- What you need to do
Skip the images and restate every line of the records exactly.

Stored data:
***

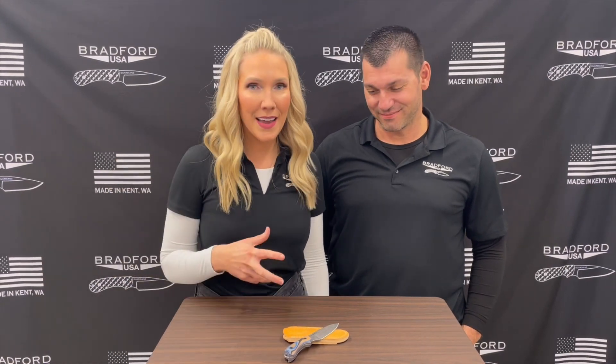Thank you so much for this award. We are humbled and honored to receive it. The Guardian 3.2 is our newest compact fixed blade. It was designed after 10 years of feedback from our Guardian 3, our flagship blade.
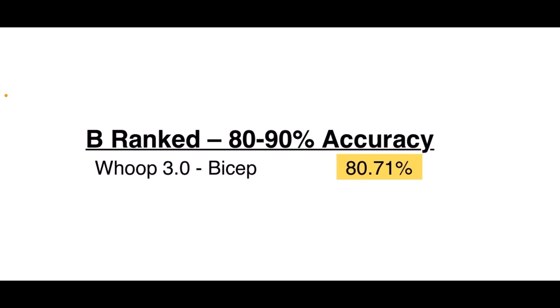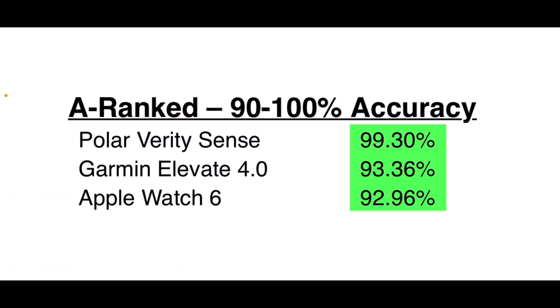The best accuracy I could get out of the WHOOP across a number of tests, wearing it on the bicep and doing CrossFit workouts, was 80 percent accurate with the WHOOP 3.0 open device. I still feel like that's a very low B — it's just not great. In the A rank, I threw in the Polar Verity Sense just so you know its accuracy compared to a chest strap: it was highly, highly accurate, so feel like it's totally trustworthy. If you don't like a chest strap, then the Garmin Elevate 4.0 and the Apple Watch 6 both come in at about 93 percent each.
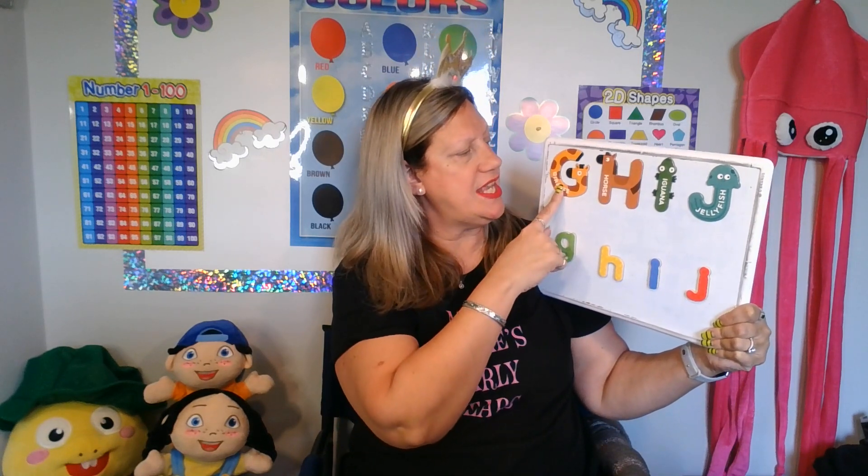Very good! G, G, G — giraffe. That reminds me, I have a special student guest today. This is Gigi the giraffe. Say hello, Gigi. Hello, class.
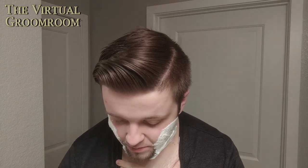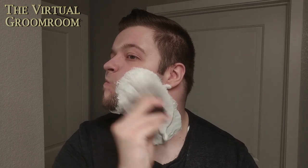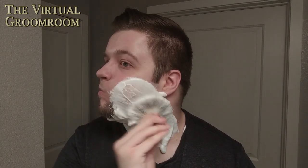It can still use some more water, so we're going to dip the tips again. It could still use a bit more — let's see what this lather can do. There we go, smooth it down now. What an excellent lather. As I said, I think this is definitely one of the best soap bases out there. It's very slick.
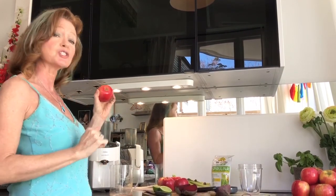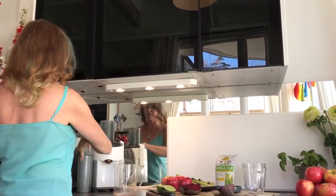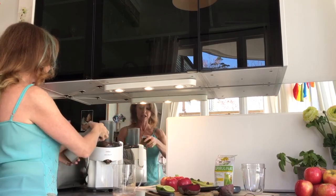Here's my juicer — it's been used and used and used. I'm going to show you how to make a very quick juice. It is a bit noisy, so if you can't make it at six in the morning, you might want to make it the night before. I also like to play some music when I'm doing it — it keeps me motivated. So here we go, the apples go into the juicer.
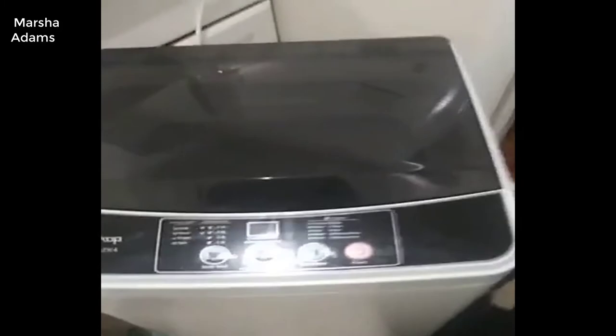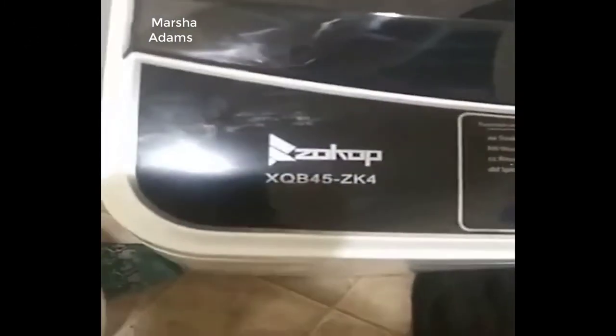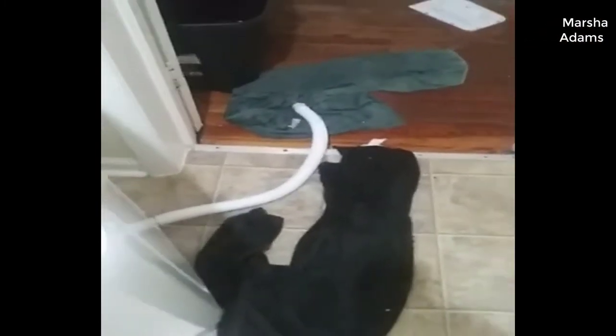I just bought this portable washing machine from Walmart for $200 and I made a mess, but I wanted to upload this to try to help somebody else not make the same mistakes that I did.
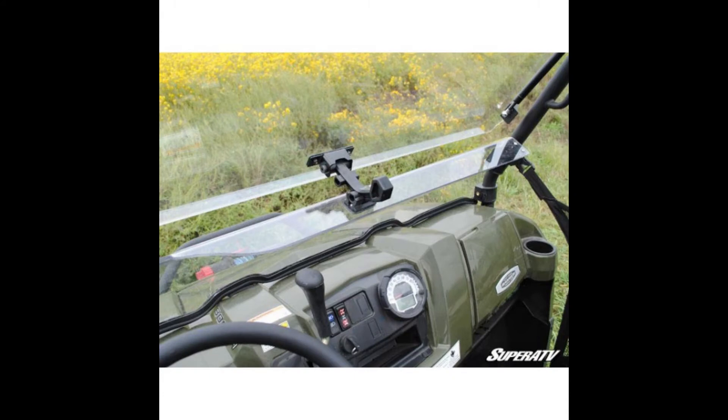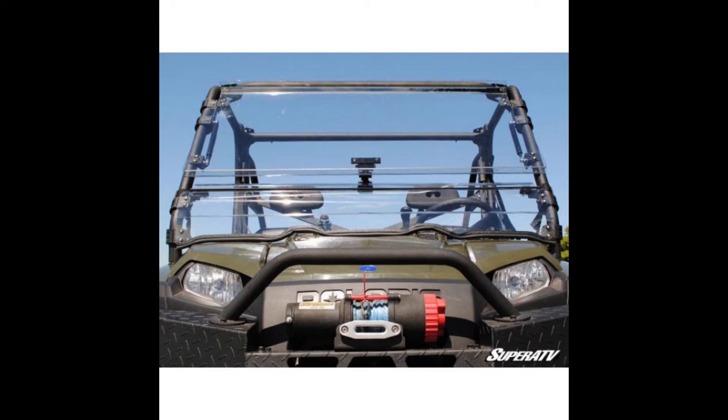Position this windshield any way you like. Choose from fully closed, partially open, or fully open depending on your riding needs.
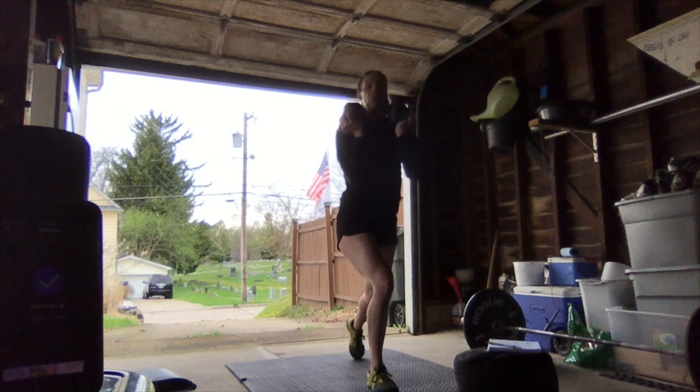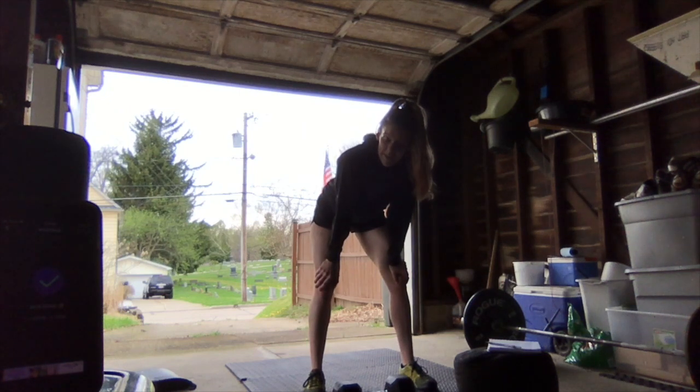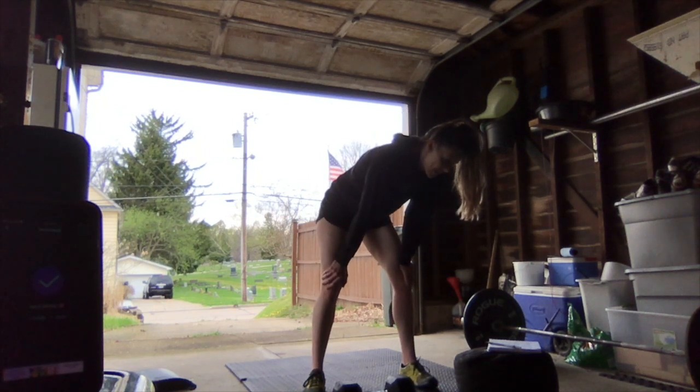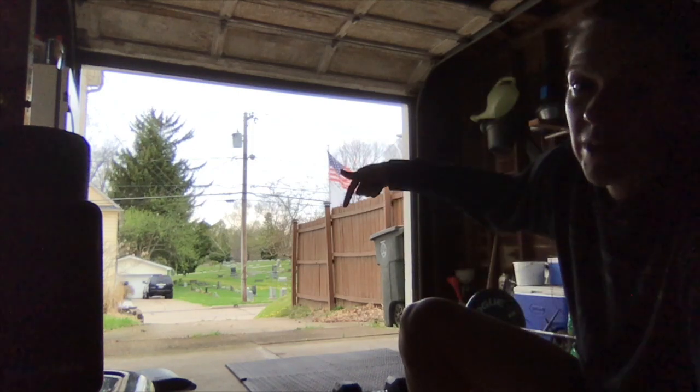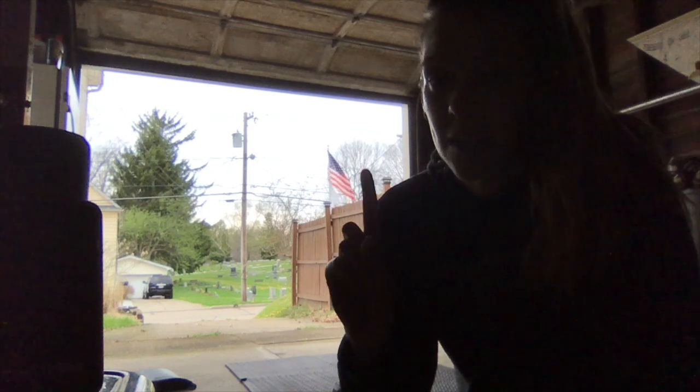Alternating legs each time. After that, ab mat sit-ups — just make sure you're touching behind your head and touching in front of your feet. If you don't have an ab mat, regular sit-ups are fine. After that, shuttle runs from the top of my driveway down to the sidewalk — about 50 meters down and back counts as one rep. If it's raining, you can do jumping jacks inside; every 10 jumping jacks counts as one rep.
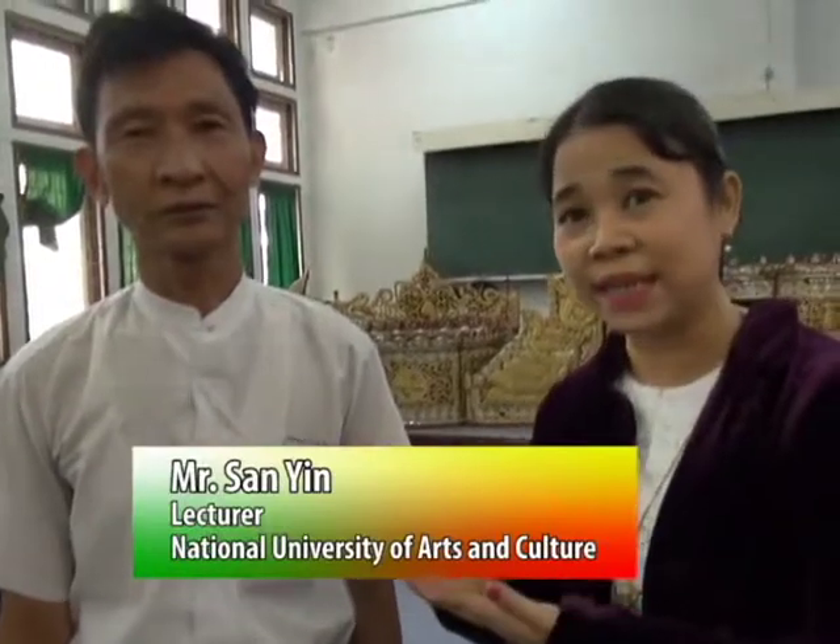All the students here are third-year students from the music major. I would like to introduce our music teacher — a Myanmar orchestra teacher. His name is Usanyin, and he is a lecturer from the music department.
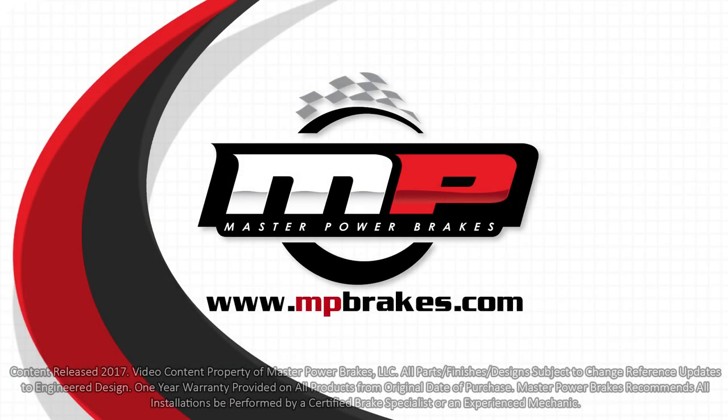For more information on this product or any other product, check us out online at mpbrakes.com or you can give one of our sales representatives a call.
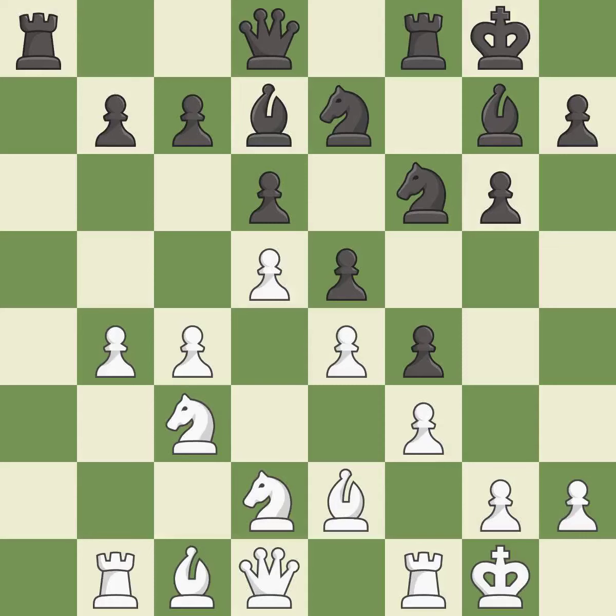The game was close to balanced, but now black is worse. The move is an inaccuracy.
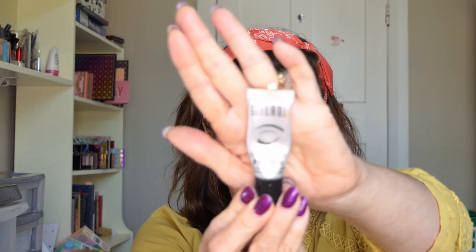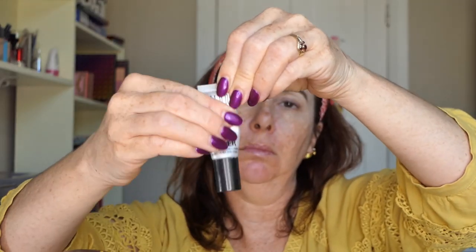I will link Jessica down below and put her up in cards so you can check her out. So I have to channel autumn on this beautiful spring day — it is absolutely gorgeous today, sunny, no wind, the sun is shining and it's beckoning me outside. I have to put my spring thoughts away and channel autumn. I've done my eyebrows and prepped my eyes with my Milani eyeshadow primer, which I'm still working through.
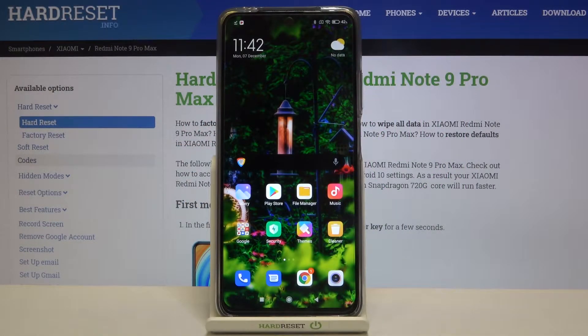Hi everyone! Here we've got the Xiaomi Redmi Note 9 Pro Max and let me show you how to enable night mode or comfort mode. We'll begin with some customization and after that I will show you how to have much faster access to this feature.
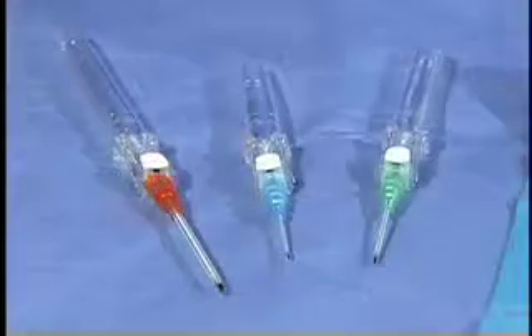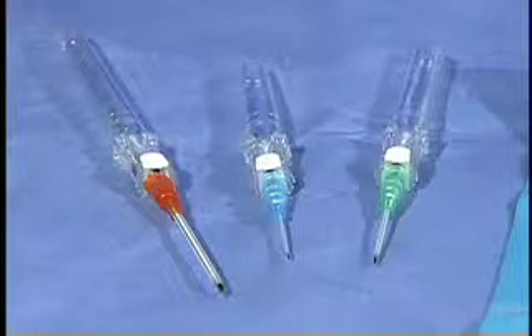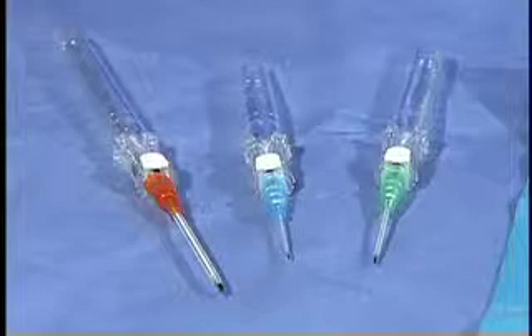IV catheters come in a variety of gauges. Selection of the proper catheter depends on the age and size of the client, the solution or medication to be infused, and the insertion site. For example, a blood infusion will need a larger bore catheter since blood is so viscous and hemolysis can occur if it is infused through a catheter that is too small.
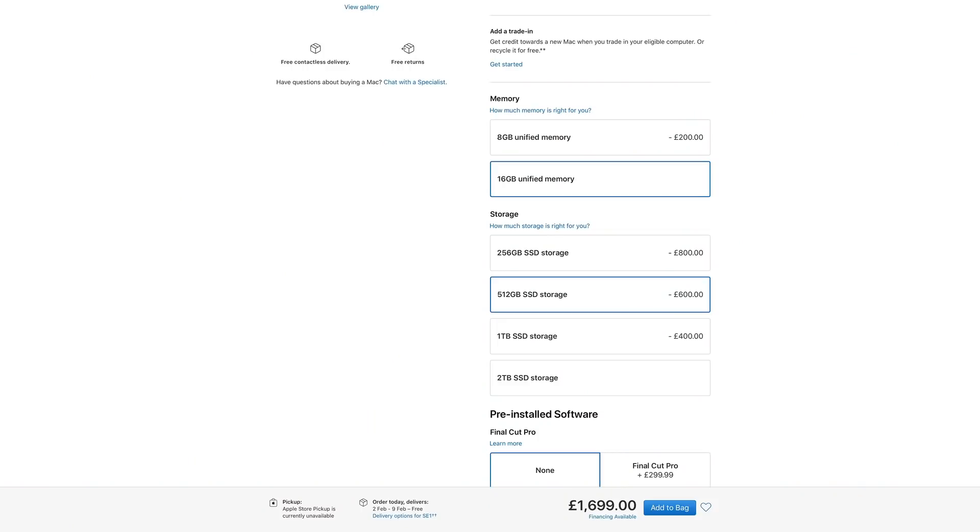Having said that, this Mac Mini is now my main machine for music production and video editing, so I absolutely upgraded to 16GB of memory. I also increased the storage to 512GB, as while I do store most files on external drives, I just don't think I could survive with just 256GB of storage on my main computer.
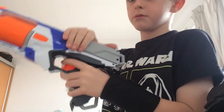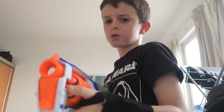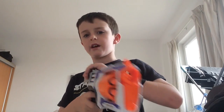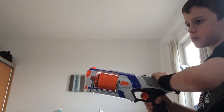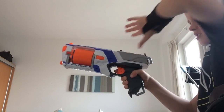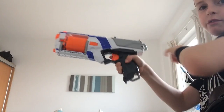So I've got my Strong Arm. I'm going to do three shots — just shoot, pull back, shot, pull back, shot — and then we're going to do three slam fire shots. Okay, you ready? Let's start. Okay, that was three shots.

***

- Your solution
Thank you so much for this award. We are humbled and honored to receive it. The Guardian 3.2 is our newest compact fixed blade. It was designed after 10 years of feedback from our Guardian 3, our flagship blade.
The best accuracy I could get out of the WHOOP across a number of tests, wearing it on the bicep and doing CrossFit workouts, was 80 percent accurate with the WHOOP 3.0 open device. I still feel like that's a very low B — it's just not great. In the A rank, I threw in the Polar Verity Sense just so you know its accuracy compared to a chest strap: it was highly, highly accurate, so feel like it's totally trustworthy. If you don't like a chest strap, then the Garmin Elevate 4.0 and the Apple Watch 6 both come in at about 93 percent each.
Very good! G, G, G — giraffe. That reminds me, I have a special student guest today. This is Gigi the giraffe. Say hello, Gigi. Hello, class.
It can still use some more water, so we're going to dip the tips again. It could still use a bit more — let's see what this lather can do. There we go, smooth it down now. What an excellent lather. As I said, I think this is definitely one of the best soap bases out there. It's very slick.
Here's my juicer — it's been used and used and used. I'm going to show you how to make a very quick juice. It is a bit noisy, so if you can't make it at six in the morning, you might want to make it the night before. I also like to play some music when I'm doing it — it keeps me motivated. So here we go, the apples go into the juicer.
I just bought this portable washing machine from Walmart for $200 and I made a mess, but I wanted to upload this to try to help somebody else not make the same mistakes that I did.
Position this windshield any way you like. Choose from fully closed, partially open, or fully open depending on your riding needs.
Alternating legs each time. After that, ab mat sit-ups — just make sure you're touching behind your head and touching in front of your feet. If you don't have an ab mat, regular sit-ups are fine. After that, shuttle runs from the top of my driveway down to the sidewalk — about 50 meters down and back counts as one rep. If it's raining, you can do jumping jacks inside; every 10 jumping jacks counts as one rep.
All the students here are third-year students from the music major. I would like to introduce our music teacher — a Myanmar orchestra teacher. His name is Usanyin, and he is a lecturer from the music department.
For more information on this product or any other product, check us out online at mpbrakes.com or you can give one of our sales representatives a call.
The game was close to balanced, but now black is worse. The move is an inaccuracy.
I will link Jessica down below and put her up in cards so you can check her out. So I have to channel autumn on this beautiful spring day — it is absolutely gorgeous today, sunny, no wind, the sun is shining and it's beckoning me outside. I have to put my spring thoughts away and channel autumn. I've done my eyebrows and prepped my eyes with my Milani eyeshadow primer, which I'm still working through.
Hi everyone! Here we've got the Xiaomi Redmi Note 9 Pro Max and let me show you how to enable night mode or comfort mode. We'll begin with some customization and after that I will show you how to have much faster access to this feature.
IV catheters come in a variety of gauges. Selection of the proper catheter depends on the age and size of the client, the solution or medication to be infused, and the insertion site. For example, a blood infusion will need a larger bore catheter since blood is so viscous and hemolysis can occur if it is infused through a catheter that is too small.
Having said that, this Mac Mini is now my main machine for music production and video editing, so I absolutely upgraded to 16GB of memory. I also increased the storage to 512GB, as while I do store most files on external drives, I just don't think I could survive with just 256GB of storage on my main computer.
So I've got my Strong Arm. I'm going to do three shots — just shoot, pull back, shot, pull back, shot — and then we're going to do three slam fire shots. Okay, you ready? Let's start. Okay, that was three shots.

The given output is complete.